I 100% agree that they are different, and I personally have a strong preference for one over the other. You capture here precisely what I mean when I say the 4e approach supports a different sort of fiction from the "bounded accuracy" approach.
I've never played or even seen 4E in play, but it seems to me to suffer the same problem most D&D games have IMO:
You go through a region at low levels, finding goblins, wolves, etc. Later on you return to the same region only now to find it plagued by giants and lycanthropes and such. Still later on, the region is overrun by dragons, beholders, and liches.
The world should not "change" simply because the PCs become higher levels.
So, as I understand it, at higher levels in 4E you can fight the same monsters you did at lower levels, but now they are simply "more powerful" versions of the same things?
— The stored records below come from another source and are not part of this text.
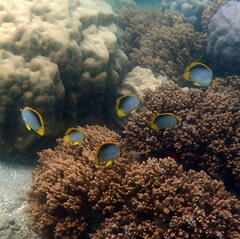 Chaetodon melannotus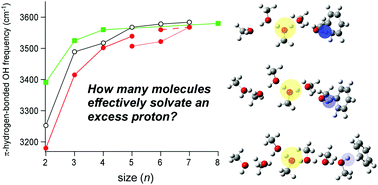 Graphical abstract: How many methanol molecules effectively solvate an excess proton in the gas phase? Infrared spectroscopy of H+(methanol)n–benzene clusters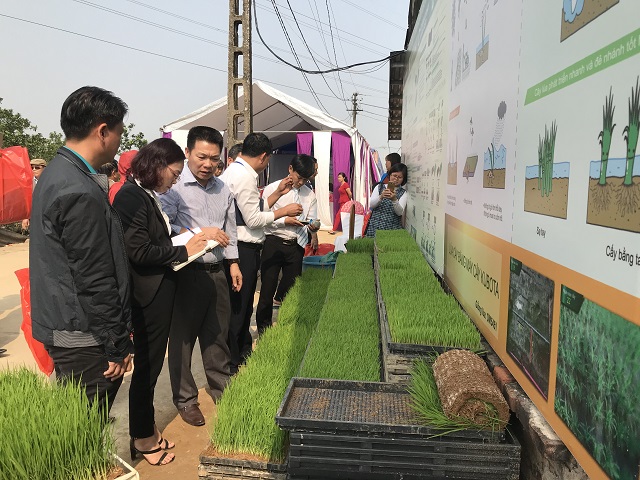 Hà Nội: Triển khai 3 dạng mô hình sản xuất sản phẩm an toàn theo chuỗi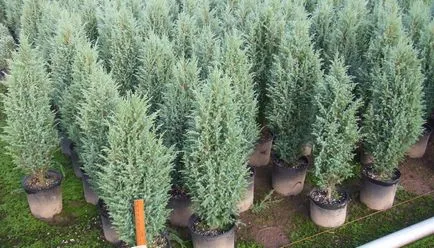 boróka növény rendes fényképet fa, boróka mag tenyésztésre és a bonsai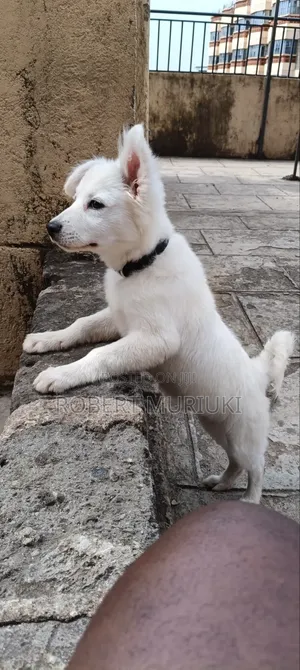 3-6 months Male Purebred Japanese Spitz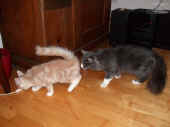 1katana_080601_1.jpg.JPG (60381 Byte)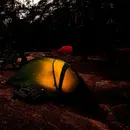 El Campamento Historias De Terror - REDE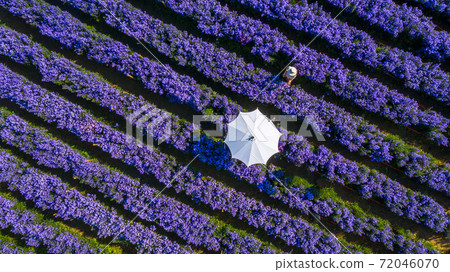 Aerial view margaret flower field with umbrella form above, Rows of Margaret or Marguerite flower, Aerial view beautiful pattern of marguerite flower bulb field, Thailand. 72046070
You go from orc, to orc warrior, to orc marauder, to orc war chief, or orc warlord and orc elite rampagers...
All of those different sorts of orcs should already exist, and their rarity determined by things other than the PCs' levels.
You've had replies, and I'll add mine: the DMG and PHB give clear advice on this. It is under the heading Tiers of Play. A game in which the GM ignores that advice, and does not build the fiction in a way that correlates with the growing might of the PCs, may be silly. But that does not seem to be a problem with 4e; it seems to be a problem with the GM not following the advice.
I'll elaborate on an actual play example I've already mentioned in this thread: at low-to-mid Heroic tier, the PCs fight small Goblin and Hobgoblin raiding parties, saving a homestead and rescuing some villagers. At upper Heroic tier, they enter a fortress where they defeat its guards and inhabitants handily. At the beginning of Paragon tier, they are able to defeat a force of Hobgoblins and some magic-using hangers-on, including a behemoth (a triceratops, from memory), who have set fire to a village and are on their way to assault the town. The Tiefling PC is able to break through the wall of a burning building to rescue people trapped inside. At mid-Paragon tier, the PCs infiltrate and assault the Hobgoblin army encampment, defeating Hobgoblin phalanxes, although one PC is killed by an angel sent by Bane to support the Hobgoblins.
This is what I mean by the fiction revealing the PCs' progress. And it has nothing to do with the world "changing" because the PCs are higher level. What the PCs can do changes because they are higher level. After the events described in the previous paragraph, the PCs entered the Underdark, where eventually they killed Torog; and undertook travels through the Abyss, which they eventually sealed after killing Lolth and Orcus.
I know I'm touching the third rail here, but you know what that feels like to me? MMORPG design. You go from killing boars in the Level 10 zone to killing dire boars in the Level 20 zone to killing dire hellboars in the Level 30 zone. Which I mean, a lot of people are obviously fine with that gameplay style. But not everyone is, or at least many of them are less happy to find it cropping up in their D&D.
Questions of good or bad aside, D&D 4e was a very different game in so many ways.
Your use of the second person ("you go from") seems a bit gratuitous to me. I mean, that's maybe how you played 4e D&D - I don't know, I wasn't there. But as per what I wrote just above, it is not what the rulebooks advise, and is nothing like my own experience (which closely followed that advice).